Field Notes: October 2024
Ají amarillo, the Magdalena River and new restaurants in Bolivia, Brazil & Chile.
A regular round-up of culinary news from around the Americas, and beyond. If you have any tips about restaurant or hotel openings, new culinary books, food media worth reading, plus events and happenings of every sort, drop me a line thenewworlder@gmail.com.
As part of a series of different food voyages in The New York Times Style Magazine, Ligaya Mishan, went to Peru to learn more about the common chile ají amarillo. She was kind enough to quote me in the very visual, poetic story, Hunting for One of the World's Most Exquisite Peppers. In the story, she goes around tasting ají amarillo in different forms at restaurants in Lima, such as Isolina, La Picantería and Maido, and also visits a farm where the chile is being grown and the production facility where Mitsuharu Tsumura’s is making specialty sauces from them (which are going to be available in the U.S. in the near future).
When she first reached out to me I was taken aback at how little I’ve actually thought about ají amarillo. I spend what’s probably considered by most an unusual amount of time chile hunting around Latin America, not to mention experimenting with chiles at home, but ají amarillo is so common, so readily available and such a part of my everyday use that I think of it like eggs or butter.
It’s a chile that is used all throughout criollo cooking in Peru. You use it in sauces especially, but also in soups or in salads. My absolute favorite thing to do with ají amarillo is to make salsa a la huancaina. You sauté some chopped onions with the chiles (or the paste), mix in a little bit of queso fresco and white bread soaked in milk to thicken it, then blend it. I mostly wing it when making it and play around with balancing the spice and thickness, though there’s a good recipe in The Latin American Cookbook if you need one.
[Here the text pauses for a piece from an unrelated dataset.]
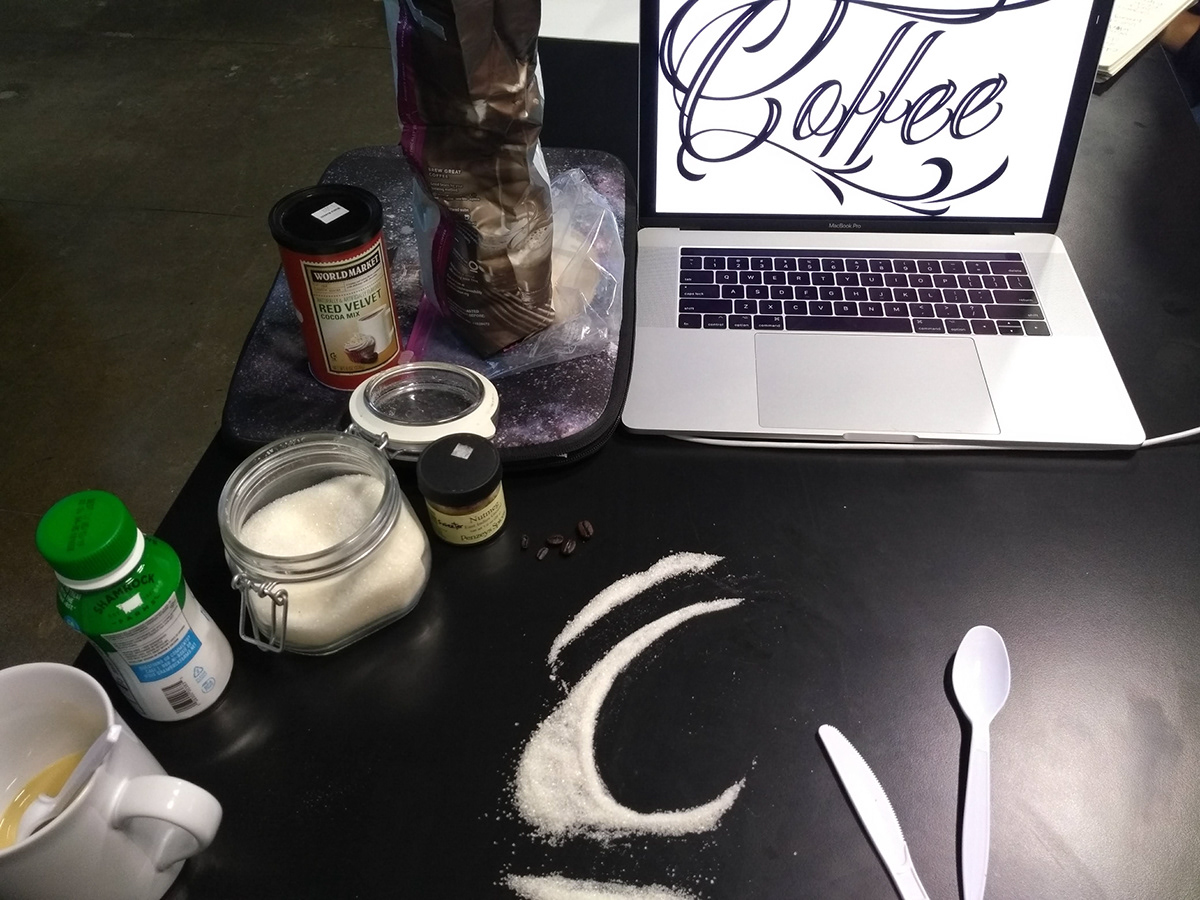 Coffee espresso Food  sugar typography   Calligraphy   Script adobe Illustrator LCAD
It’s a sauce that you typically would pour over boiled potatoes, as they do in Huancayo in Peru’s central Andes, but I eat it with pasta or at parties I leave a bowl of it out and people dip small roasted potatoes or sometimes potato chips in it.
Aji amarillo is a chile that, I think, will eventually be sold at every supermarket in the United States. It’s so much more versatile than a jalapeño, and it has such a bright, clean, citrusy flavor. Peruvian chiles, while they can be hot, are really less about the heat than the flavor. That’s what ají amarillo brings to a dish. There is heat, but it’s secondary to a flavor that enlivens everything it comes into contact with. More than anything, the heat is just a reminder that the chile is there.
The Crop Cycle: Stories with Deep Roots by Shane Mitchell – The Bitter Southerner
Coming of Age at Wildair by Sara Keene – New Wine Review
The Nobu You Don’t Know by Adam Robb – Grub Street
The Race to Save Mezcal From the World by Jay Cheshes – Smithsonian
Fricandó by Elisabet Juan Roca –
Colombia and West Africa Unite on the Plate in This Fascinating Food Town by Kayla Stewart – Saveur
It’s Time to Build More Native Restaurants by Sean Sherman & Mecca Bos – Eater
Keep yelling about climate change by Emily Atkin –
After a trip to Vestmannaeyjar, Iceland’s Westman Islands, last year, where sheep sorrel (Rumex acetosella) or red sorrel is well loved leafy green with a citrusy flavor, I noticed a small patch of it in my yard. In the late summer the patch appeared again, this year it is five times the size and critters, other than slugs, seem to have no interest in it. Nearly every weekday for lunch, I step outside and grab a handful of it to make salads with, add in to stir fries or use to top tacos and quesadillas.